Burroughs' genius can be seen in the way that he redeemed the imagery of savagery for
his Anglo-Saxon ape-man. In the mythology of white supremacy, even before Charles Darwin,
black Africans and other nonwhites were assimilated to apes (Thomas Jefferson, in his
Notes on the State of Virginia, finds credible the rumor that African women mate with
orangutans). In much 19th- and early 20th-century pulp fiction, American Indians and black
Americans have a mystical rapport with animals, which author and audience alike understood
arose from their proximity on the evolutionary scale. But Burroughs' Tarzan is closer to
the animals than the black Africans who live nearby. The Great White Hope is at once more
civilized and more savage than the "natives"--he is the Lone Ranger and
Tonto. With Tarzan monopolizing the highest and lowest rungs of the Chain of Being, the
"natives" find themselves deprived of the one asset that racist mythology
attributed to them, closeness to the animals, leaving them without any particular function
in the economy of kitsch literature, except to be rescued by Tarzan from rogue elephants
and the occasional witch doctor.
When first published, the Tarzan stories provided a largely American audience of white
men and boys with a fantasy version of the ultimate White Guy, the virile aristocrat, who,
far from being effete and degenerate, could go Ape as well as Ascot. Something like this
vision inspired Theodore Roosevelt, the asthmatic Yankee patrician who turned himself into
a cowboy and, as an ex-president, nearly died while exploring a tributary of the Amazon in
Brazil, in an adventure that might have been scripted by Burroughs. George Bush--a
professed admirer of TR--is the Tarzan of our day: A patrician Yalie (Lord Greystoke), and
at the same time a Texan redneck (Tarzan), engaged in wildcatting (could there be a more
metaphorically resonant term?). By jumping out of airplanes in his 70s, Bush continues to
battle the Wimp Factor. Perhaps he should swing from vines as well. By contrast, George
W., a rich kid who, unlike his father, sat out the war of his generation, is Boy.

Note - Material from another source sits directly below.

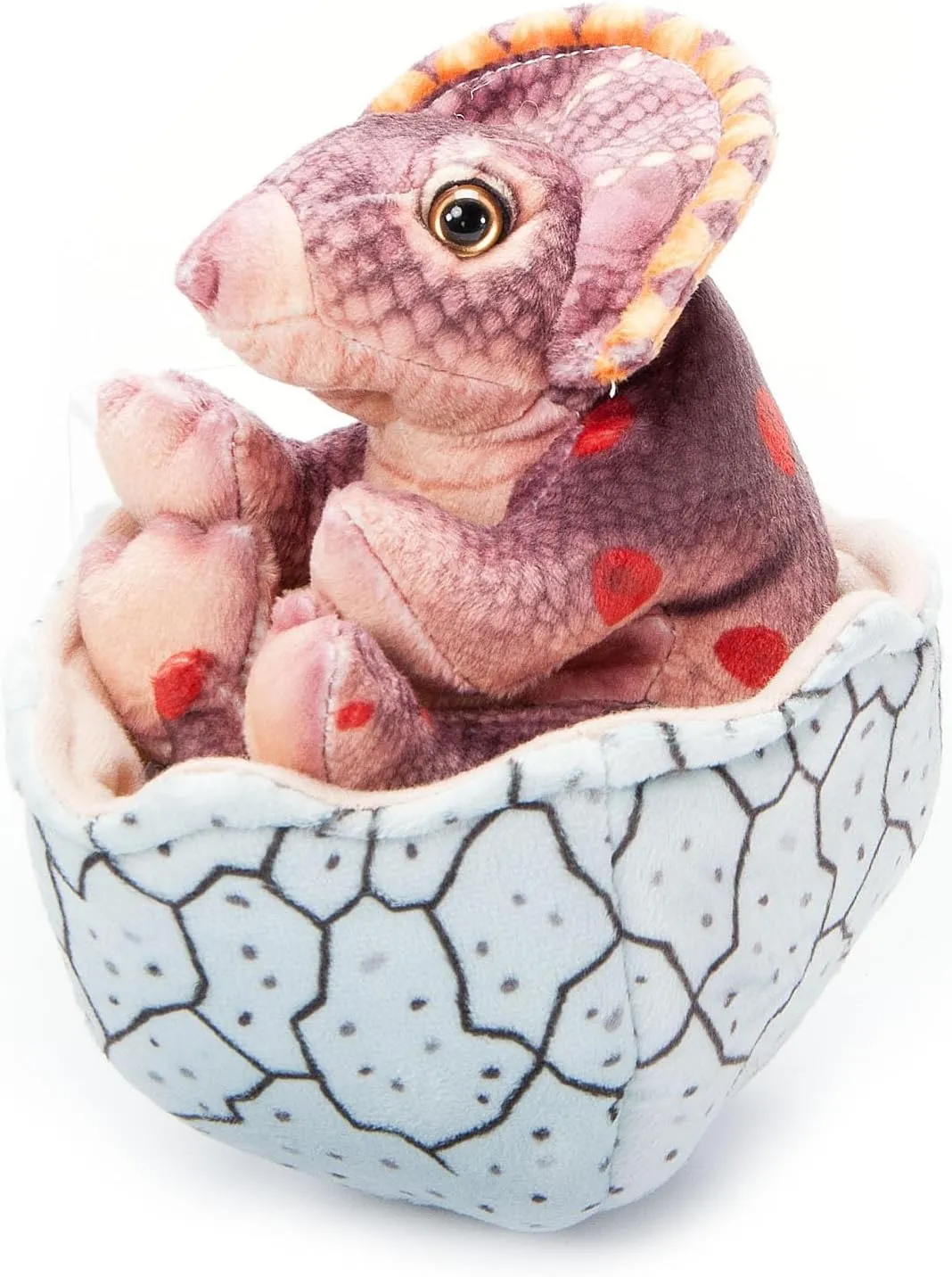The Petting Zoo Hatchling Triceratops Dinosaur Stuffed Animal Plushie, Gift for Kids, Dinosaur Animals, Brown Dinosaur Plush Toy 8 inches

The Tarzan mythos, then, depends on a balance of tensions--between Tarzan the Ape-Man
and Lord Greystoke, between England and Africa, between civilization and savagery. Play
down one side of the equation, and the meaning of this whole system of pre-World War II
social stereotypes collapses.
This is what happened when Hollywood got hold of the Tarzan story. Beginning with the
Johnny Weissmuller films, the jungle began eclipsing the English manor. Tarzan became
simply a feral child, a white Mowgli. The genre changed to pastoral: Tarzan and Jane
became the equivalents of the innocent shepherds and shepherdesses of Hellenistic Greek
and Renaissance pastoral fiction, striving to preserve their natural idyll from corruption
by civilization. Pastoral Tarzan need not be an English lord. He need not even be white. A
black or brown or Asian Tarzan would defeat the whole point of the Burroughs mythos but
would not be out of place in the Hollywood or TV versions.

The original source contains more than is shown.